In a joint statement, the Scientific Directors of the Institute for Advanced Sustainability Studies (IASS) in Potsdam, Mark Lawrence, Patrizia Nanz and Ortwin Renn expressed their concern that the election of Donald Trump as the next president of the United States will seriously endanger both international efforts to protect the climate and the implementation of the United Nations’ Sustainable Development Goals:
“The term of office of the next US President spans a crucial period for efforts to lay the groundwork for the implementation of the Paris Agreement and the Sustainable Development Goals. The USA is one of the most important political actors and one of the largest emitters of greenhouse gases. The electoral victory of Donald Trump and the hardliners within the Republican Party gives us reason to fear that the USA will no longer work towards realizing climate protection and sustainability goals, but rather hinder progress in these issues.

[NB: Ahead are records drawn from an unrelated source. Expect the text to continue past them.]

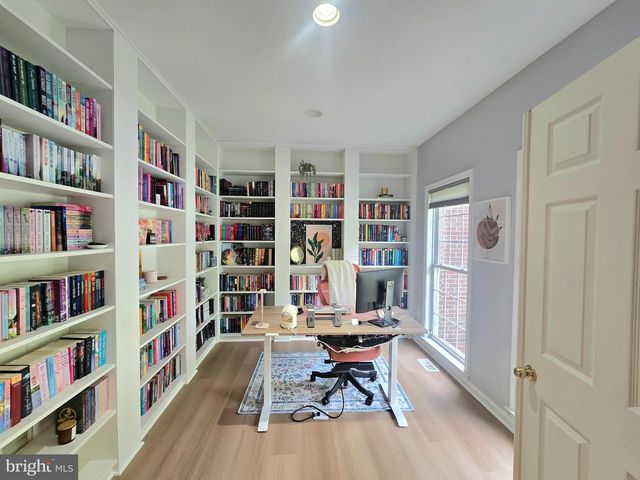 8314 HOPE POINT CT, Millersville, MD 21108
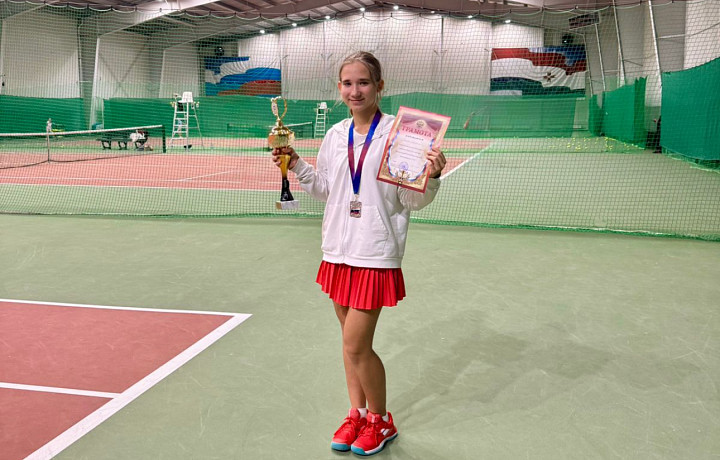Юная тулячка стала серебряной ракеткой на осеннем первенстве по теннису в Мордовии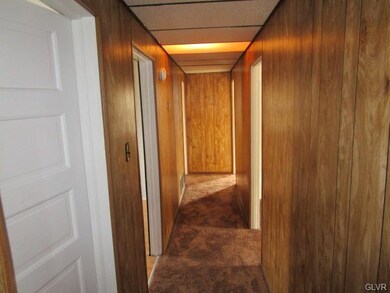 2301 Birch St unit C, Easton, PA 18042 - photo 4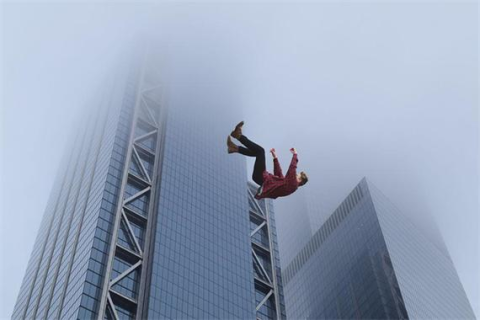 跨越恐惧，解析高空坠落的梦境及其心理意义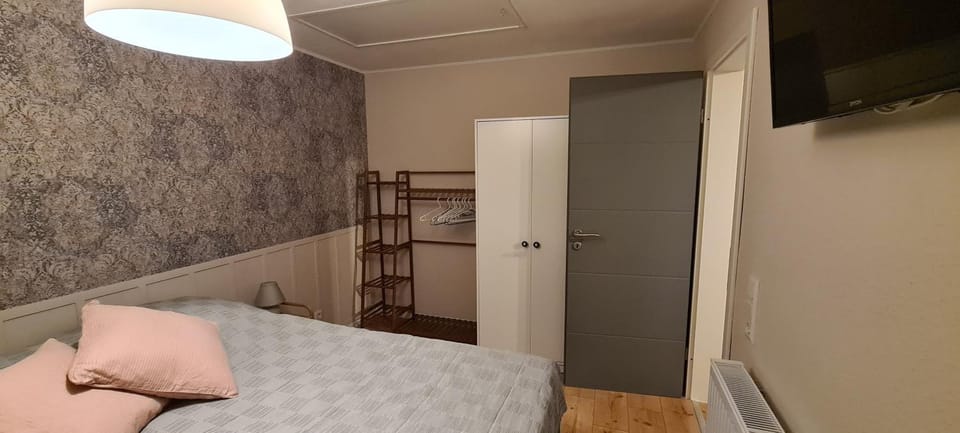 Bedroom, wardrobe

Major challenges for climate policy and climate research
This is especially true with respect to climate and energy policy. The passing of the Paris Agreement in 2015 and its ratification this year was a tremendous success for the international community. But actually reducing the risks posed by climate change will require broad cooperation at the international level. The participation of those nations which are responsible for a large percentage of greenhouse gas emissions, such as the USA and China, is particularly crucial. The United States has often been a very difficult partner in climate policy negotiations, but its support for the Paris Agreement gave rise to the hope that this had changed for the better. Now, however, the campaign platform of Donald Trump – who has described climate change as a Chinese hoax – makes it clear that climate policy will face immense challenges. The election outcome is likely to have substantial repercussions for US climate science efforts. The US is a global leader in climate science and this development represents a serious setback.
The international community therefore anticipates that it may have to continue to move forward without the support of the US government in order to keep the risks of climate change in check and promote the use of clean, carbon-free technologies. With a Republican majority in Congress, US energy policy under President Trump is nearly guaranteed to be a step backwards. His declared intention to pursue policies that will expand the fossil-based energy sector stands in stark contrast to the transition to renewable energy pursued by many countries around the world. This energy transition is urgently needed in order to create a sustainable energy system and effectively limit the effects of climate change. In response, we must seek to play a greater role in public debate through our expertise and arguments. For the forces that made it possible for Donald Trump to be elected in the USA are increasingly exerting an influence on public opinion in Germany and the rest of Europe.
Participative processes revitalise democracy
Both Brexit and the outcome of the US election have shown that many citizens in both countries do not feel that their concerns are being addressed by their political representatives – and do not feel that they are understood by experts, the media, or scientists. It is essential that scientists take this development seriously. We must show that expert knowledge can contribute to the democratic process. To this end, the IASS supports and accompanies various participatory processes – for example, citizen participation in Germany’s energy transition – that promise to contribute to the revitalization and legitimation of democracy. The emergence of a rift within our society is the single greatest threat to the transformation to sustainability. What is required is the creation of spaces for public dialogue – even and especially with those who deny the facts.
In these challenging times, science is called upon to orient itself around values that support the public good and bring them to the fore of debate. The IASS has committed itself to research that is in line with its vision of creating a just, environmentally responsible, and peaceful world. The Institute is committed to the values shared by societies in Europe and the United States: democracy, freedom, and respect for the dignity of all people regardless of their nationality, the colour of their skin, their religion, gender, sexual orientation, or political affiliation. The researchers at the IASS will work harder than ever with their partners from politics and civil society to develop practical and relevant solutions for the transformation to a sustainable society.”